I ricercatori hanno usato una nuova tecnica di mappatura per valutare quali mutazioni della proteina virale Spike (in particolare quelle della porzione chiamata "RBD") influiscono sul riconoscimento da parte degli anticorpi monoclonali in commercio, ovvero il cocktail REGN-COV2 della Regeneron (usato anche da Trump) e l’anticorpo LY-CoV016 della Eli Lilly. In questo modo sono emerse diverse mutazioni che permettono al virus di rendersi invisibile: addirittura una singola mutazione riuscirebbe a ingannare entrambi gli anticorpi presenti nel mix della Regeneron. «Questo metodo di mappatura delle mutazioni sarà utilissimo per selezionare meglio gli anticorpi contro le nuove varianti», commenta Giuseppe Novelli, genetista dell’Università di Roma Tor Vergata.

«Sapevamo fin dall’inizio che il virus poteva mutare e che sarebbero emerse forme resistenti: per questo è importante che i governi diversifichino gli investimenti puntando su vari tipi di anticorpi, così come è stato fatto coi vaccini». Intanto la ricerca continua anche sugli anticorpi ad ampio spettro diretti contro più coronavirus, come quello sviluppato negli Stati Uniti dall’azienda biotech Adagio Therapeutics, che presenta i primi risultati su Science annunciando l’avvio dei test clinici entro pochi mesi.
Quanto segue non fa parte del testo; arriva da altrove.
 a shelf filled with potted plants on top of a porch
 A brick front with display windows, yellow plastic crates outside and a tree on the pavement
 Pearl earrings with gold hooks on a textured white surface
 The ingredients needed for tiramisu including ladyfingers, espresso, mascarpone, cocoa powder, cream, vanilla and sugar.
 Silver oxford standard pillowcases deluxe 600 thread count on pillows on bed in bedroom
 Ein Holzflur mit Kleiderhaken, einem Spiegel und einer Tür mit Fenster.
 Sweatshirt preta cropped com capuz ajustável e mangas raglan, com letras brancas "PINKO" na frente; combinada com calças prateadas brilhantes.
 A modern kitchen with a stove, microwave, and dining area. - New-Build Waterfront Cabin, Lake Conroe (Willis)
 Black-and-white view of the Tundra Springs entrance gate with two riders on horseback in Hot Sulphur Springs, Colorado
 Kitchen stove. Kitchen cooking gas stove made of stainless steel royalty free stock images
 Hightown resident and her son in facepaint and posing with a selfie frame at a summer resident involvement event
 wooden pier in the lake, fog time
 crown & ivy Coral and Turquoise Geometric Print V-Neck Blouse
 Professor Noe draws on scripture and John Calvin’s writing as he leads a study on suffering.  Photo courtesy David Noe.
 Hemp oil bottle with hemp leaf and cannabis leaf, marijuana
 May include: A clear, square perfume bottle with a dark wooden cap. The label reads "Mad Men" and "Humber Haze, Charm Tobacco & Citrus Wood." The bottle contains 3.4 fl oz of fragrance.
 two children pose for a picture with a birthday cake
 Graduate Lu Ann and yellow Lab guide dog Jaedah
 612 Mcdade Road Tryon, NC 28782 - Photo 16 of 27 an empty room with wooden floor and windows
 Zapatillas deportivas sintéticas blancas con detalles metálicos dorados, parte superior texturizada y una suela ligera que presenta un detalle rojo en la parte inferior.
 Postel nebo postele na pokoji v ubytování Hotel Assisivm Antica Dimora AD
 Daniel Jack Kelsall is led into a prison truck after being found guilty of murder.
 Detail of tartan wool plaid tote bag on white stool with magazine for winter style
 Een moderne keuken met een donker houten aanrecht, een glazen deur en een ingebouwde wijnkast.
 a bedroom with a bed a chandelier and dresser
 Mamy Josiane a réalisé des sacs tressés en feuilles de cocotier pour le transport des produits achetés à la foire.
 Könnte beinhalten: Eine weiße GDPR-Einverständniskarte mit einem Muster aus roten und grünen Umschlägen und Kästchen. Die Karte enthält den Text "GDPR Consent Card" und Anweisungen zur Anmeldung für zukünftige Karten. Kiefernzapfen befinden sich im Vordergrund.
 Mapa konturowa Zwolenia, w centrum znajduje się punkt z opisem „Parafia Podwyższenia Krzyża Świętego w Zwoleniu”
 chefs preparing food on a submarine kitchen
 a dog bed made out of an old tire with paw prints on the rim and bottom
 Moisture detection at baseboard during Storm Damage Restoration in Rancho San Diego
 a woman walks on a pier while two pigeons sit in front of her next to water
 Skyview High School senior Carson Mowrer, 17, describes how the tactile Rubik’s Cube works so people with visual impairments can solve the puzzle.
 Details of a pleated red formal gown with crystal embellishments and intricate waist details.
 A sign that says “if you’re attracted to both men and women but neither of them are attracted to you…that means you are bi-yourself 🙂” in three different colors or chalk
Il nuovo anticorpo, denominato ADG-2, è stato selezionato e ingegnerizzato a partire dagli anticorpi prodotti naturalmente da un paziente sopravvissuto alla Sars nel 2003. I primi test su cellule in provetta e topi "dimostrano che ha una capacità neutralizzante nei confronti di SarsCoV2 che è paragonabile o addirittura superiore a quello degli altri anticorpi attualmente in via di sviluppo per Covid-19, inoltre - afferma Laura Walker di Adagio Therapeutics - si lega in modo efficace a tutte le più comuni varianti di SarsCoV2 in circolazione, dunque non dovrebbe essere influenzato dalle mutazioni note che danno resistenza». Riconoscendo una porzione del virus evolutivamente conservata, l’anticorpo potrebbe offrire protezione anche dai nuovi ceppi emergenti di SarsCoV-2 e da altri coronavirus 'parentì che in futuro potrebbero causare nuove pandemie.